• PROBLEM DETAILS
The line containing "Corduroy Jacket Men" marks where to begin. Write out that line and every line after it exactly, through the last line below.

• Short text fragments from websites

"""

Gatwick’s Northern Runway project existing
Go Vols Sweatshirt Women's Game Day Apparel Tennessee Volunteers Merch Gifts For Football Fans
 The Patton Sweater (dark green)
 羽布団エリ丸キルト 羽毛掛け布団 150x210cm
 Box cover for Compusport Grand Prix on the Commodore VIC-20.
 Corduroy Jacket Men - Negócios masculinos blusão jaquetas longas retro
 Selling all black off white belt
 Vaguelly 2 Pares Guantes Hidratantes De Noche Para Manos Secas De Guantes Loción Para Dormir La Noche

"""

• TASK RESULT
 Corduroy Jacket Men - Negócios masculinos blusão jaquetas longas retro
 Selling all black off white belt
 Vaguelly 2 Pares Guantes Hidratantes De Noche Para Manos Secas De Guantes Loción Para Dormir La Noche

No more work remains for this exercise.